Substitute $665.1\text{nm}$ for $\lambda$ and $2.00\times {10}^{-6}\text{m}$ for d in the above equation to calculate $\theta$.

  $\begin{array}{c}\theta ={\sin }^{-1}\left(\frac{3\left(665.1\text{nm}\left(\frac{{10}^{-9}\text{m}}{1\text{nm}}\right)\right)}{2.00\times {10}^{-6}\text{m}}\right)\\ =77.6°\end{array}$

Thus, the angle corresponding the wavelength could be omitted.

Conclusion:

Therefore, there are two spectral lines with wavelengths $449.2\text{nm}$ and $665.1\text{nm}$.

(b)

To determine

The number of spectral lines on one side of the central maximum.

Answer to Problem 43P

The number of spectral lines is $19$.

Explanation of Solution

Write the expression to calculate the slit width.

  $d=\frac{1}{n}$

Here, d is the slit width and n is the number of slits.

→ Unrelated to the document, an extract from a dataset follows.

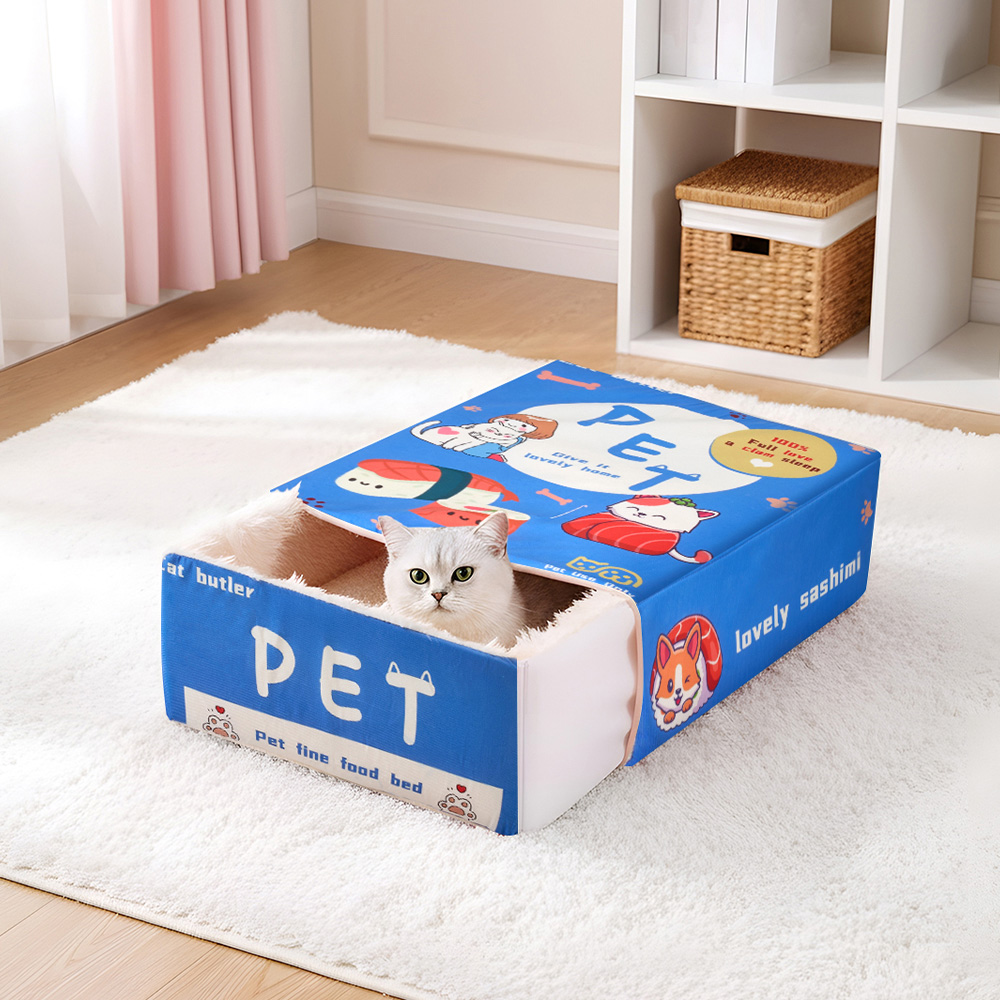 H&O Direct 37 x 43cm Blue Cute Snack Box Enclosed Cat Sleeping Bed Image 2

Substitute $2000.0{\text{cm}}^{-1}$ for n in the above equation to calculate d.

  $\begin{array}{c}d=\frac{1}{2000.0{\text{cm}}^{-1}}\\ =5.00\times {10}^{-4}\text{cm}\left(\frac{{10}^{-2}\text{m}}{1\text{cm}}\right)\\ =5.00\times {10}^{-6}\text{m}\end{array}$

Write the expression to calculate order corresponding to the wavelength $449.2\text{nm}$.

  $m=\frac{d\sin \theta }{\lambda }$

Substitute $90.0°$ for $\theta$, $5.00\times {10}^{-6}\text{m}$ for d and $449.2\text{nm}$ for $\lambda$ in the above equation to calculate m.

  $\begin{array}{c}m=\frac{\left(5.00\times {10}^{-6}\text{m}\right)\sin 90.0°}{449.2\text{nm}\left(\frac{{10}^{-9}\text{m}}{1\text{nm}}\right)}\\ =11.1\\ \approx 11\end{array}$

Write the expression to calculate order corresponding to the wavelength $665.1\text{nm}$.

  $m=\frac{d\sin \theta }{\lambda }$

Substitute $90.0°$ for $\theta$, $5.00\times {10}^{-6}\text{m}$ for d and $665.1\text{nm}$ for $\lambda$ in the above equation to calculate m.

  $\begin{array}{c}m=\frac{\left(5.00\times {10}^{-6}\text{m}\right)\sin 90.0°}{665.1\text{nm}\left(\frac{{10}^{-9}\text{m}}{1\text{nm}}\right)}\\ =7.5\\ \approx 8\end{array}$

Thus, the total number of spectral lines is $11+8=19$.

Conclusion:

Therefore, the number of spectral lines is $19$.